Anticholinergic therapy with trihexyphenidyl can help to ameliorate the severity of the dystonic crises, and reduce excessive sweating as it blocks the peripheral sympathetic overflow at cholinergic synapses in the sweat glands. Amantadine is another consideration.

Rare patients have been reported with a mutation in AADC at the site where L-dopa binds; thus, a rare subset of patients with AADC deficiency may to be responsive to L-dopa therapy. On the surface this may seem to make no sense, since L-dopa should already be high in plasma and CSF. However, since there are limited treatment options in this disorder, it may be worthwhile to consider this possibility. Obtain baseline urinary catecholamines over a 24-hour period if possible or at least an a.m. urine specimen. It may helpful to know whether urinary catecholamines are elevated or diminished, since this may be one determining factor as to whether they benefit from L-dopa therapy. A trial of L-dopa/carbidopa may be reasonable, since some of these children may have high residual peripheral AADC activity (associated with paradoxically elevated urine catecholamines), while essentially none in the CNS. A trial of one 25/100 tablet carbidopa/L-dopa, increasing to a maximum of one 3-times-per-day should be sufficient. Following a two-week trial, repeat LP to assess response – if possible at the same time of day and in the same interval following dosing, about two hours after the last l-dopa/carbidopa dose.
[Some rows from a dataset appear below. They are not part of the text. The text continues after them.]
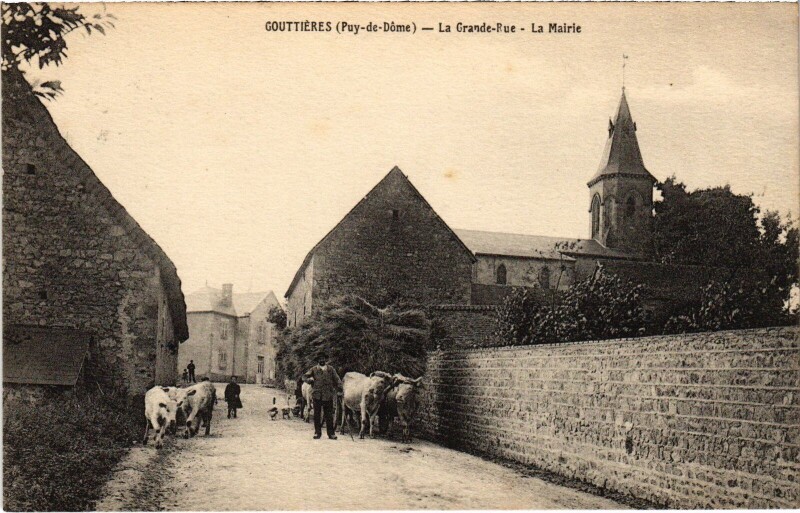 Carte postale ancienne Gouttieres La Grande Rue, La Mairie France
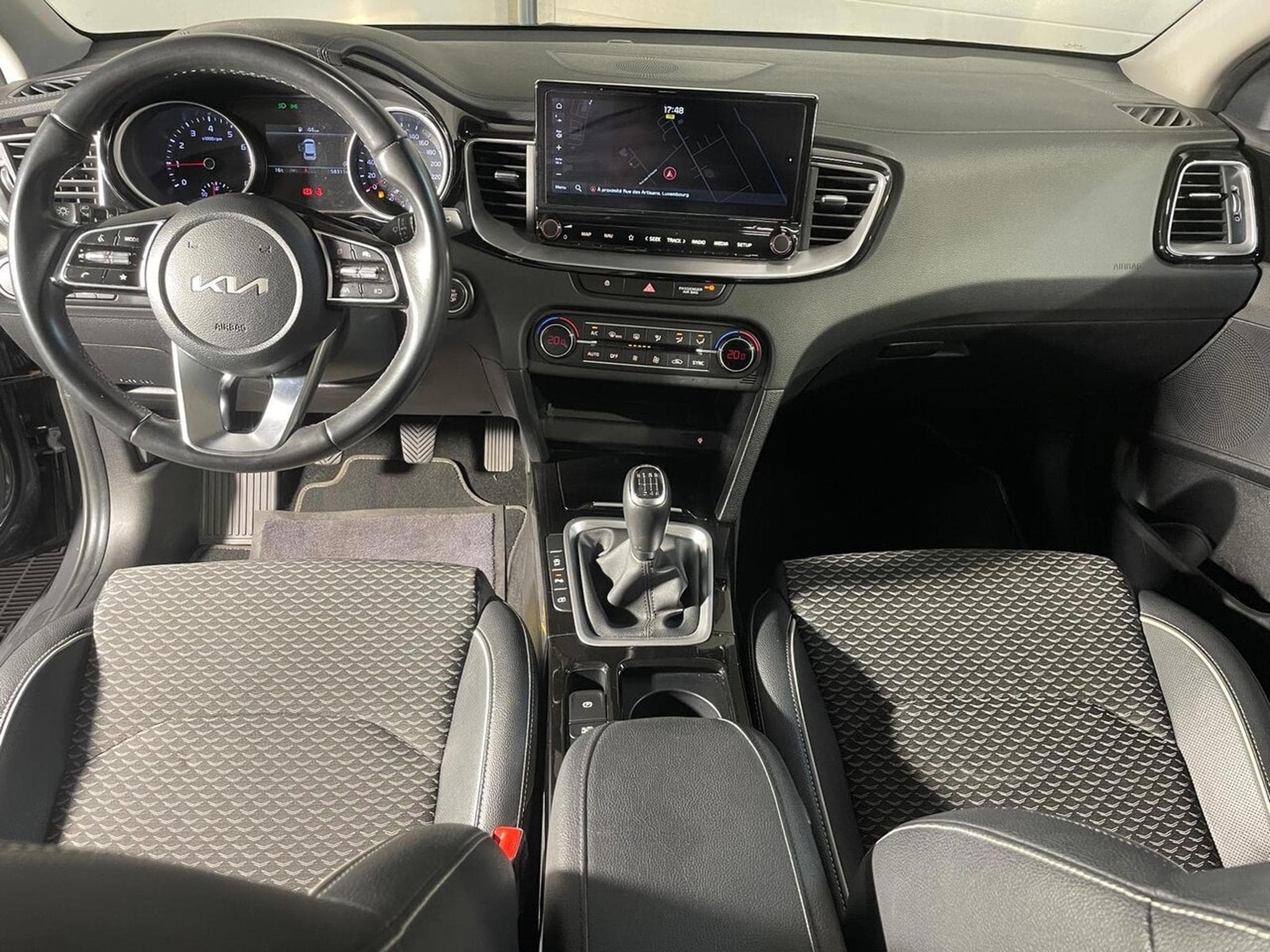 Kia Ceed 1.0 T-GDI PULSE 120 CV CARPLAY (2023) - Photo 3
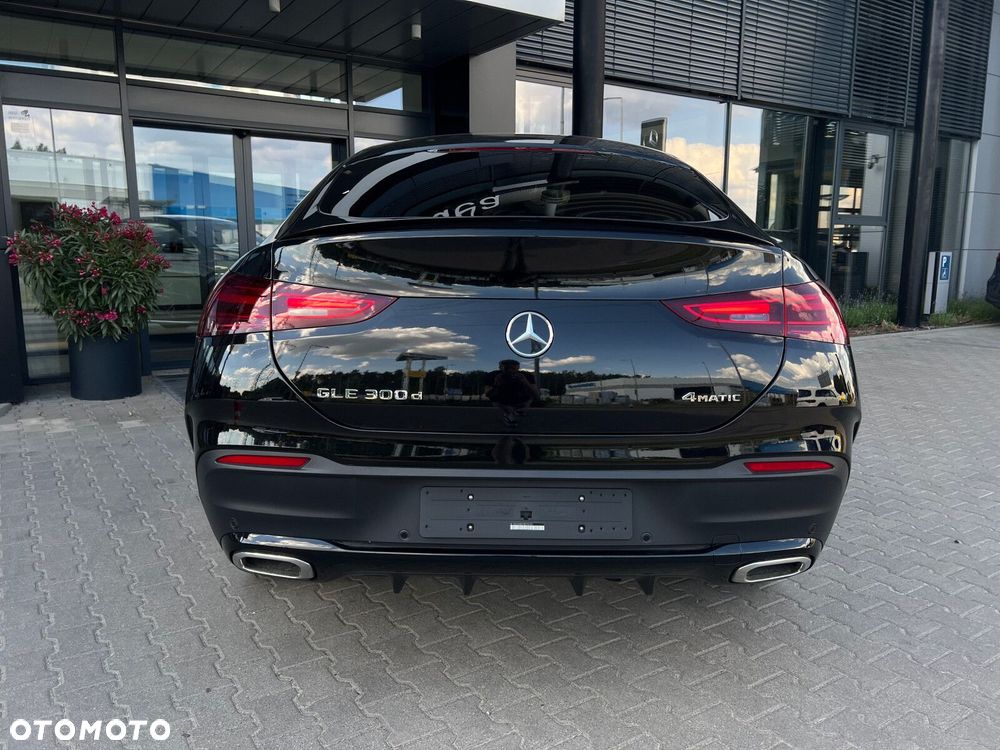 Mercedes-Benz GLE - 23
Hypoglycemia is a serious issue in these patients, which seems to occur quite frequently in severely affected patients. One very severe hypoglycemic episode can cause severe and permanent brain damage and is preventable. I recommend that the parents have a glucometer and check a few times in the morning just before the first feed, when the child is lethargic or ill or seems to be sleeping excessively, and during periods of excessive sweating, unexplained fever or hypothermia. I also recommend adding cornstarch to a.m. and p.m. feeds to give them a source of more complex, slowly digesting carbohydrate to help combat this issue, since such episodes may be difficult to recognize. Gastrointestinal illnesses seem to make the kids particularly vulnerable to this complication, but it can happen in the hospital when they undergo fasting for sedated procedures, such as MRI.